Being in the Darkness does not bring me Joy.
This is when I need to find the light. This is when I need to soak in
the Joy. This is when I need to welcome the Joy, strive for Joy.
The last 4 weeks have been tough. After having my preventative surgeries
of a double mastectomy and a total hysterectomy the night after my surgeries
were completed I felt very positive and up. And yet it was only day 3
where I felt down, that I had fallen back into the black hole.
Feeling in the depth of the dark hole, just happened so suddenly and
without warning. It was a tough few days.
And during this time it was Joy that brought in the sunshine. My
husband, my rock. My children. My best friend. Sunflowers in my room.
It was tough in the hospital. I felt in the darkness after falling
in without a choice. This worried me.
And I’ve been in the Darkness before, and this is a place I deliberately
avoid. I deliberately focus on self care. I consciously stay away from the edge
of the black hole. I look back on that time of darkness 17 years ago. It was
the worst time in my life. It was the worst time in my parents’ life. I think
back to this time when I literally felt I couldn’t get out of bed. I remember
my Mum negotiating with me to get out of bed and have a shower and that I could
then get back into bed. Each morning my Dad would come over and talk to me
while I lay in bed and say he would go and buy me a fresh mango yogurt.
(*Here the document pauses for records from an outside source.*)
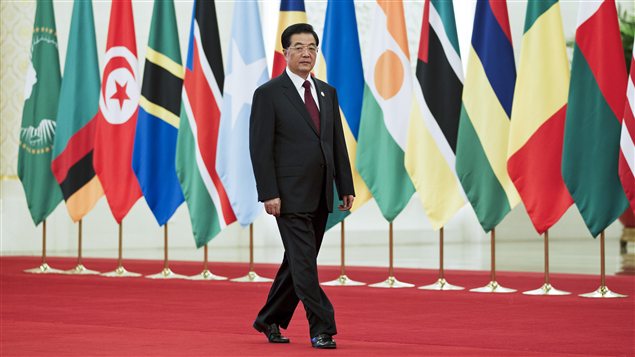 Le président chinois Hu Jintao, en train de marcher devant des drapeaux de pays africains.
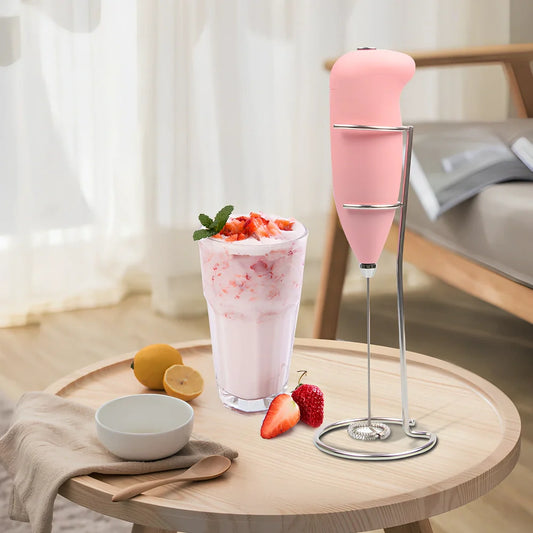 Green electric milk frother measuring 21cm tall with 5cm base creating milk foam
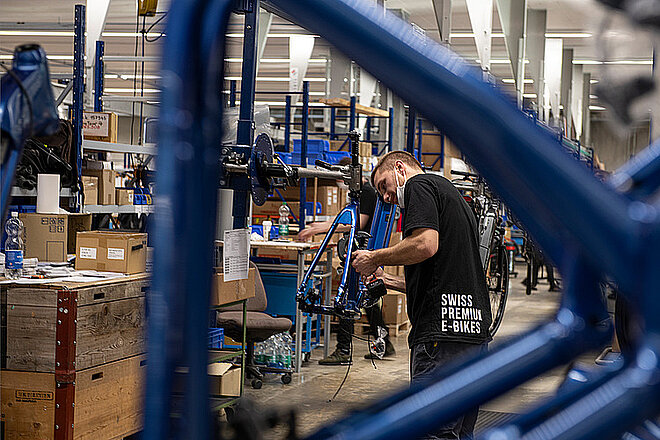 Wenn es bei den Bestellungen harzt, muss die Produktion gedrosselt werden. Und dann werden auch weniger Angestellte in der Fertigung gebraucht. Flyer entlässt ein Drittel der Belegschaft. Ein Mann montiert ein E-Bike.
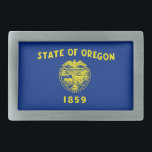 Gürtelschnalle mit Flagge des Oregon-Staat<br><div class="desc">Erleben Sie Ihr Accessoires-Spiel mit einem kühnen Statement-Stück: Unser Gürtelschnalle mit der Flagge von Oregon! Diese auffällige Gurtschnalle ist mehr als nur ein funktionales Element, sie ist eine stilvolle Hommage an Oregons Erbe und eine unverwechselbare Art, Ihren Staatsstolz zu zeigen. Das Design zeigt die ikonische Oregon-Staatsflagge und ist damit eine...</div>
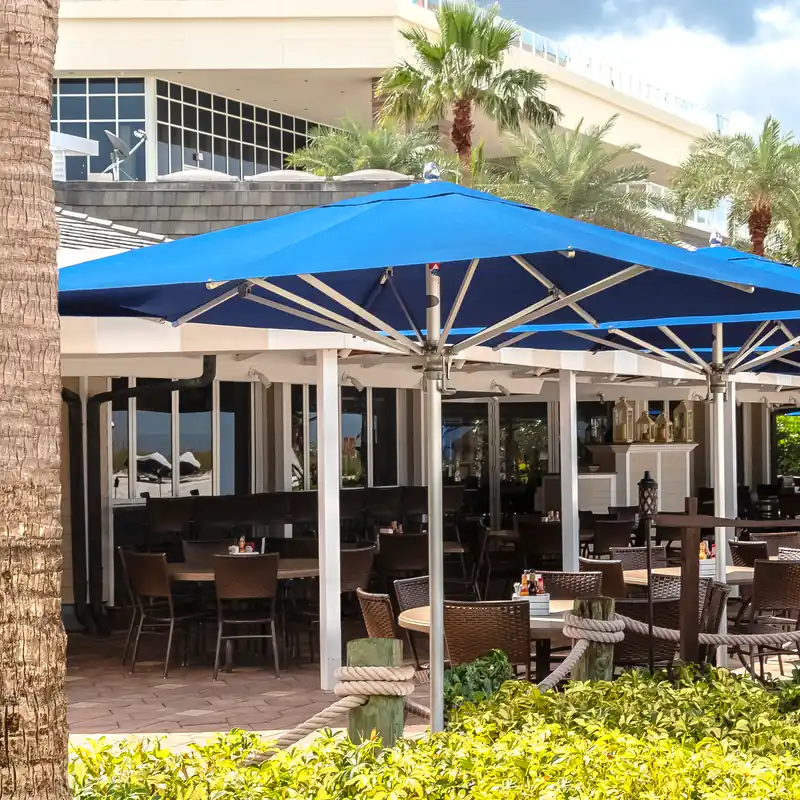 Large blue Tuuci Bay Master MAX Classic center post parasol with a satin anodized frame covering the tables of a restaurant terrace, with palm trees and a low hedge in front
I also
liked watching a TV show at night and enjoyed watching this sitcom and it
kept me going too. At this time I was deep down in the Darkness, in the depths
of the dark hole. I am not sure how long I was in a black hole. It seems like a
long time. It was definitely months, probably close to a year. It was a long
time. I realised I could stand still or go up. And so I made the decision to
crawl up out of the black hole and regain happiness. I am proud of myself that I was able to get up and out of the Darkness. If I have done it once I could do it again - although I've always tread carefully to avoid falling in again.
I was watching a movie and loved the words that said "but it is the
shadows that truly define us. There where there is no light."
Luckily my recent fall into the Darkness did not last. However
during this time I had to be in action, be in the doing, doing things that
bring me Joy. I had to keep moving, even just doing small things. I
could have just stayed in bed and yet getting up and doing a few things that I
wrote on a list was the key for me. The list and doing of a list brought
me into a positive mindset. And once I was out of the hole I still felt it close by to me. There were tears. It was tough in hospital. And so once I felt strong enough physically I asked to come home. It was time to take a step to get closer to the light.
Being in the Darkness, with the threat of Darkness looming, taught me so
much about the importance of Joy and the importance of seeking Joy and enjoying
Joy. Knowing my Joy Starters, what brings me Joy is the key to my
happiness and knowing what my family need too is also key for me.
As I get so close to the magic number of 100 I realise that there is so
much that brings me Joy and if I focus on bringing these Joyful moments into my
life each day I am guaranteed happiness. Of course knowing what does not
bring me Joy is also critical for me. Knowing what makes me anxious or
upset or angry and working on strategies is key for me too.
The journey of Joy, my goal of 100 posts about Joy is almost achieved
and yet at the end of the posts I will take the time for a final post to really
reflect on what I have learnt and what I can do to live a Joyful life and bring
Joy to my children too.
I think I need a post about what does not bring joy - the Disrupters
plus a post about what brings my family Joy, when they are the happiest - not
sure what I will call this post - Knowing, Understanding, Keys.
I feel most Grateful that I feel myself now, that I have escaped the
black hole, the Darkness. I am most Grateful that my positive self is
still alive and well, adjusting to the new me. I am missing late nights writing and watching Netflix, me time. I
need to go to bed earlier now as I wake up through the morning feeling hot as
part of the new reality of me. And yet Sleep brings me Joy, knowing I am
looking after myself and choosing health as a priority.
I choose the light. And yet I know that Darkness will come again, perhaps not in the form of a black hole, yet definitely in times of life's downs and tragedies, the unexpected that knocks us over. I think knowing what brings Joy and setting this Intention not just for a year or 100 posts, yet for my life, for the life of my family is key for us, is most important for us, will keep us happy and well.